C’est une grande première. Qu’est-ce qui a pu donc se passer pour justifier cette demande pour le moins du monde inattendue, parce que depuis que ce procès est programmé, il n’y a jamais eu d’audience. Qu’est-ce que les juges ont pu faire pour justifier ce manque de confiance que la défense exprime par une demande de récusation des juges ?
C’est un énième rebondissement qui est de plus étrange, parce que ces juges n’ont pas encore dit le droit dans cette affaire. La partie défenderesse ne peut donc pas les suspecter d’avoir des intentions hostiles à l’endroit de leur client avant les temps. Elle pourrait donner tous les arguments qu’elle voudra pour justifier cette démarche sans réellement convaincre. Les observateurs informés suspectent plutôt un problème de stratégie de défense qui se pose pour l’équipe de la défense.
Ce problème se posait déjà depuis le début du procès en appel qui date du 24 juillet 2020. Déjà, avant cette date, Vital Kamerhe avait demandé plusieurs fois une liberté provisoire sans obtenir gain de cause.
Dès l’entame du procès en appel, la défense allait intervenir avec une autre donne, la santé du prévenu qui se dégradait rapidement. Sa présence physique n’étant pas nécessaire pour que le procès se poursuive, les juges avaient estimé que le procès pouvait continuer sans qu’il soit personnellement et physiquement présent. Depuis le 20 juillet 2020, nous en sommes à un cinquième report. C’est beaucoup.
Pour des avocats qui plaident non coupables, ces reports intempestifs ne peuvent qu’éroder les moyens de défense qu’ils ont mis en place. A moins qu’ils ne fassent partie d’une stratégie arrêtée pour faire trainer les choses en longueur.

Déjà, les problèmes sanitaires de Vital Kamerhe ont beaucoup pris du temps. Le peuple congolais qui avait entendu parler du Covid-19 qu’il aurait contacté n’a plus eu des échos sur l’évolution de sa situation sanitaire depuis un mois. Etait-ce le Covid-19 ou une autre maladie qui l’accablait et comment se porte-t-il à l’heure actuelle ? Un silence inquiétant entoure désormais ce sujet.

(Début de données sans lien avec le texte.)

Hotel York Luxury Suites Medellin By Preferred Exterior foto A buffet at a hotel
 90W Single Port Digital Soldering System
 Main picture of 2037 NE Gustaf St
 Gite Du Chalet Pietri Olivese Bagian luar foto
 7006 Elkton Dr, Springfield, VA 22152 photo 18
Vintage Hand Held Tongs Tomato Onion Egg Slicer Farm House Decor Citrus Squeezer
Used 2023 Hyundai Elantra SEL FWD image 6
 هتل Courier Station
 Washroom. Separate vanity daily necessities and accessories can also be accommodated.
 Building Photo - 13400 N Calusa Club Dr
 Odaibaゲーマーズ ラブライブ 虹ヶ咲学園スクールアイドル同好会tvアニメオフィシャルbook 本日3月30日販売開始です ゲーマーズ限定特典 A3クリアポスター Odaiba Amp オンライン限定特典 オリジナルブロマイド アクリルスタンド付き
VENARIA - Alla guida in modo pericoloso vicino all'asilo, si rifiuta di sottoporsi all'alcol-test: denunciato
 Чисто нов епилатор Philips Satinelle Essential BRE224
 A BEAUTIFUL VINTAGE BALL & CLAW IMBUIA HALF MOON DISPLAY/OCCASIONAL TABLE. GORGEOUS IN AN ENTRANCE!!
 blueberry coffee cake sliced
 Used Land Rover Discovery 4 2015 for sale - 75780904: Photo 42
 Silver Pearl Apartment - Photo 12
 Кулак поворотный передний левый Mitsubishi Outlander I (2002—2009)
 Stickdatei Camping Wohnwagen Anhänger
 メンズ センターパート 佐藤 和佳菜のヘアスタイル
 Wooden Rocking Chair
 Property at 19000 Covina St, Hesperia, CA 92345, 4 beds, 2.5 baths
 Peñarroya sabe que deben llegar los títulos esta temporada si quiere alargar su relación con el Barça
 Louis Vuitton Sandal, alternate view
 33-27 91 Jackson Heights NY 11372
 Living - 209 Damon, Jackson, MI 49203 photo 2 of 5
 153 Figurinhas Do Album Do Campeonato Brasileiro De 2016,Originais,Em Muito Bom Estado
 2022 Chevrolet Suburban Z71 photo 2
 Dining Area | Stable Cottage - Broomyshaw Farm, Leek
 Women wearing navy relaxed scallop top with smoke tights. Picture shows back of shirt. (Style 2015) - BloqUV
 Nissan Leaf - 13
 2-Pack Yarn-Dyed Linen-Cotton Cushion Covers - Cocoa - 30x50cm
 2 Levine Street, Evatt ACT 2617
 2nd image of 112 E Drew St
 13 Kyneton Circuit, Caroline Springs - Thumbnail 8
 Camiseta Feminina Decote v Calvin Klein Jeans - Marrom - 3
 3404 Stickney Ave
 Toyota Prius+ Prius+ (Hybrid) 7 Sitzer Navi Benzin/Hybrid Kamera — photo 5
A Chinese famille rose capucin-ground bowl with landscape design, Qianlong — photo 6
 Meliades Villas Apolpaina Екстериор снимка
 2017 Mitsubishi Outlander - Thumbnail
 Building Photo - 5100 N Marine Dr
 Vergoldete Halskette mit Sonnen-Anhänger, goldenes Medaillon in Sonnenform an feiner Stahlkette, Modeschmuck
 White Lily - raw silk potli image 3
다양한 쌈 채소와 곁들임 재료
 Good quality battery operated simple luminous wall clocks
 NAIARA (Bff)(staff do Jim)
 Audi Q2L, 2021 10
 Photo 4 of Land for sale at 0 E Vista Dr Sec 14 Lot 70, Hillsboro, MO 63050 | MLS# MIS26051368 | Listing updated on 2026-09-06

Depuis la date arrêtée la fois passée pour une audience, le dossier santé et le dossier présence physique ne pouvaient plus arrêter la machine. Le procès pouvait continuer. Voila que la défense sort un autre tour de son chapeau ; elle récuse les juges commis à l’affaire. Ce qui aura la vertu de retarder de nouveau de quelques semaines le procès. Et comme il fallait s’y attendre, celui-ci a été renvoyé à une date ultérieure non précisée. On peut dire que la défense a atteint son but qui est de retarder le procès le plus possible.

Qu’est-ce que ces reports peuvent apporter de plus à la défense, en plus de ce qui a été déjà instruit dans l’affaire ? Tous les observateurs avertis ne parviennent pas à avancer une raison probante, en dehors de l’intention délibérée de gagner le temps. Et, ils affirment que le fait de gagner le temps ne change rien à la donne. Les faits infractionnels sur lesquels le procès portera resteront les mêmes et le changement des juges n’y changera rien.
La seule chose qui peut changer est la demande de la défense de Jammal qui voudrait que son affaire soit dissociée de celle de Kamerhe. Déjà, elle avait fait sensation en déclarant n’avoir touché que 3% du montant ‘’détourné’’. Ce point de vue est fait pour mettre la situation de Vital Kamerhe dans une situation encore plus précaire, quand on sait la dureté manifestée par les juges en appel de deux affaires similaires qui avaient abouti à des condamnations plus sévères que celles du jugement de premier degré.
Quoiqu’il en soit, la justice finira par être dite, que ce soit tout de suite ou après des jours. C’est-ce qui compte.